A la différence des la presse anglophone, les médias français sont restés bien silencieux sur l’ampleur des affrontements entre l’armée gouvernementale et des groupes se réclamant de l’Etat islamique dans le Sud philippin, sur l’imposition de la loi martiale à Mindanao et sur la situation de crise dans l’archipel. Nous avons interrogé à ce sujet Reymund de Amore, membre de la direction du Parti révolutionnaire des Travailleurs – Mindanao (RPM-M), une section de la Quatrième Internationale.
Par rapport à la version initiale de cette interview, réalisé dans des conditions difficiles, des corrections importantes ont été apportées concernant le clan Maute.
Pierre Rousset – Comment les combats ont-ils commencé ?
Reymund de Amore – Le 23 mai 2017, une opération conjointe armée-police a été engagée dans la ville de Marawi pour capturer Isnilon Hapilon, considéré comme l’agent de l’Etat islamique à Mindanao (les Etats-Unis ont mis sa tête à prix pour cinq millions de dollars). La riposte du groupe Maute a été très forte, totalement imprévue. Le gouvernement a dû envoyer des renforts en urgence. Les combats n’ont pas cessé depuis.
Peux-tu faire le point sur la situation ?
Nous sommes bien implantés dans les deux provinces de Mindanao les plus concernées par la crise. Lanao del Sur, où se trouve la ville de Marawi et où ont lieu les combats ; et Lanao del Norte, où se trouve la ville d’Iligan et où se rendent beaucoup de réfugié.e.s. Il est pourtant difficile de faire un point précis de la situation. La violence du conflit a provoqué des déplacements massifs de population.
La ville de Marawi compte plus de 200.000 habitant.e.s, musulmans à environ 94% et chrétiens à environ 6%. Selon un organisme des Nations unies, OCHA, au 1er juin, il y avait plus de 100.000 « personnes déplacées », 14% d’entre elles se trouvant dans 24 centres d’évacuation et 86% en dehors, dans des campements de fortune, ou chez des proches.
Se déplacer est compliqué avec l’imposition de couvre-feux et la multiplication des check points, ces postes de contrôle militaires constitués par des chicanes placées en travers des routes. Enfin, nous sommes sous loi martiale, l’armée bloque l’accès de nombreuses zones pour éviter que des journalistes ou observateurs indépendants enquêtent.

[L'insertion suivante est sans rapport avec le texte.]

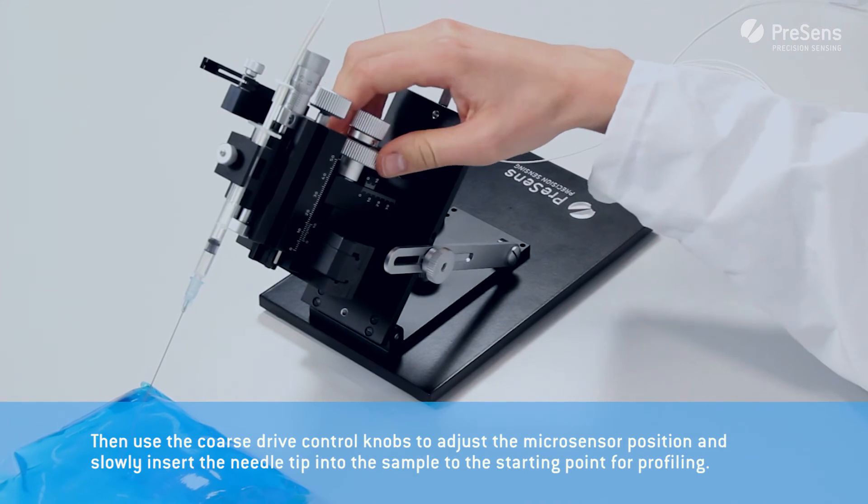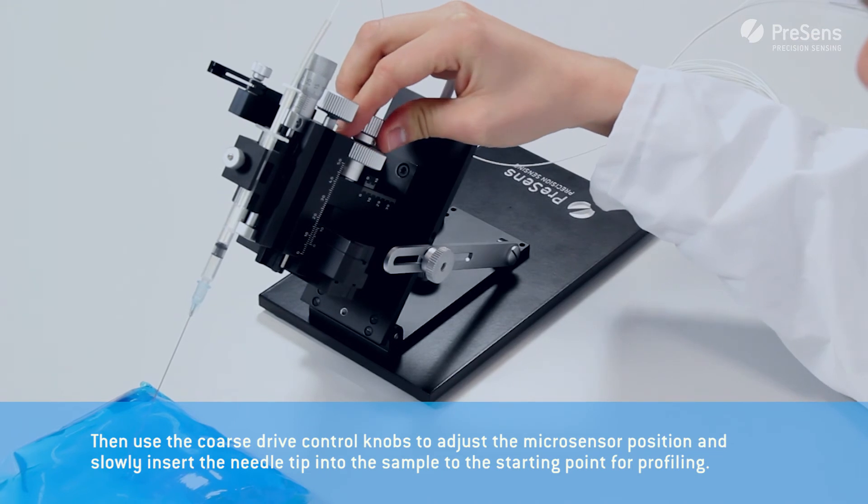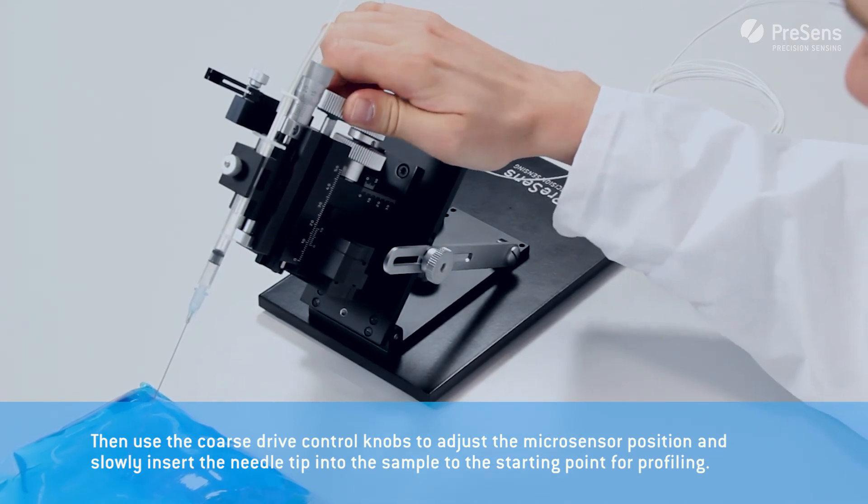Then use the coarse drive control knob to adjust the micro sensor position and slowly insert the needle tip into the sample to the starting point for profiling.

Nous pouvons cependant dire que le tableau présenté par le gouvernement est très éloigné de la réalité. La presse a repris en boucle des chiffres officiels (près de cent combattants Maute tués, ainsi que 30 soldats des forces gouvernementales et 19 civils). La présidence a rapidement annoncé la reconquête de 90% de Marawi. Or plusieurs jours après cette déclaration, nous avons vu de puissants renforts continuer à entrer dans la ville, dont 21 tanks, ce qui signifie qu’en fait, les combats s’intensifiaient. Il y avait des unités de Marines, de l’armée de terre, de mer et de l’air, et la police nationale (PNP). C’est la guerre ; elle dure depuis 13 jours déjà.

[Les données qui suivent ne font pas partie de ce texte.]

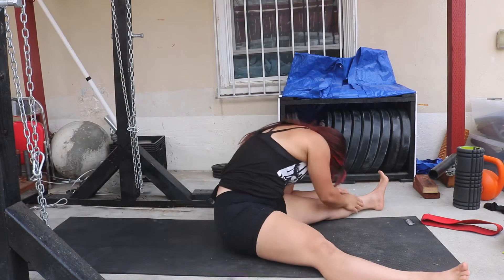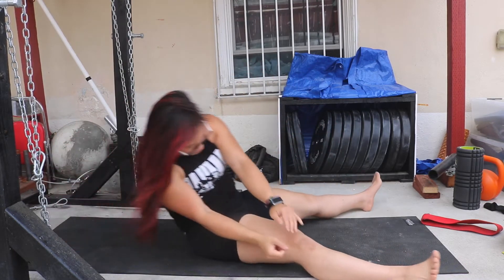Just don't round your back and curl your neck so hard — you're going to really hurt your neck like that.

Les victimes civiles sont certainement nombreuses. D’une part le groupe Maute a commis des massacres. Nous avons recueilli le témoignage de soldats qui ont vu nombre de cadavres décapités dans les rues de Marawi (surtout des chrétiens). D’autre part, l’armée recourt massivement à des bombardements aériens ou à l’artillerie. Il n’y a aucune « précision chirurgicale ». L’état-major a même dû reconnaître une bavure de taille : une de leurs unités a été bombardée par erreur, faisant plus de dix morts dans leurs rangs ! La ville est largement détruite.
D’où vient le groupe Maute ?
Maute est le nom d’une famille originaire de la ville de Butig, influente dans des municipalités de la province de Lanao del Sur. Deux frères, Abdullah et Omarkhayyam (Omar) Maute dirigent ce clan-groupe. Ils ont suivi des études islamiques alors qu’ils travaillaient au Moyen-Orient et ont adhéré à une version particulièrement rigide de l’islam, prônant une application radicale de la charia et une séparation d’avec les chrétiens. Ils se sont séparés du Front de libération islamique moro (MILF) [1]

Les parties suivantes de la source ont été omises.